The last two years have been anything but easy, prompting a whirlwind of changes in how and where people work. Technology became more imperative than ever by allowing the world to stay connected whether working on-site or at home. A KPMG report reveals that nearly all employers were eager to do what they could to make the transition back to the office as seamless as possible.
This meant investing in technologies relating to both employee wellness and workforce health tracking. And their efforts seem to be paying off – 41% of enterprises have made progress in enhancing employees’ total well-being in recent years. Twice as many say that it is important to do so over the next three years.
Considering the current predicament that employers face – they risk losing additional talent as millions of people resign every month – organizations need to do everything they can to improve employee happiness and well-being. Unhappy and unwell employees are more likely to burn out, quit, and share their feelings on job review sites, which could deter future prospects from applying. That last part is noteworthy: a Fractl survey shows that 84% of Americans consider reviews before applying for a job. One in three have actually turned down an offer because of a negative review.
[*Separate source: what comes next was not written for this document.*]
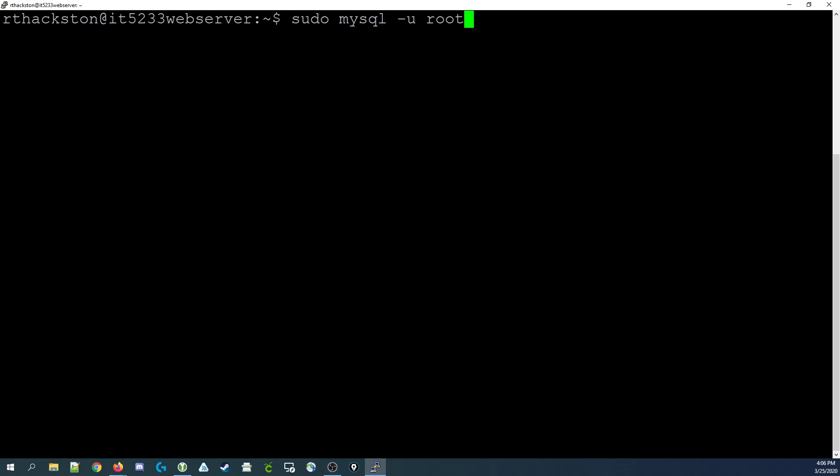This command executes the MySQL command as administrator, which is what sudo does, and it specifies you should connect as the user root.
In other words, employee well-being is everything – and financial well-being is a critical part of that. With inflation hitting another new high in June, and our latest research showing that 88% of Americans are worried about how it will impact their day-to-day life and purchasing power, employers must act fast. They need to recognize that four out of 10 employees are living paycheck to paycheck, and more than two-thirds feel ashamed, angry, and depressed about their finances. Consequently, many (76%) feel pessimistic about the United States’ – and their own – financial future.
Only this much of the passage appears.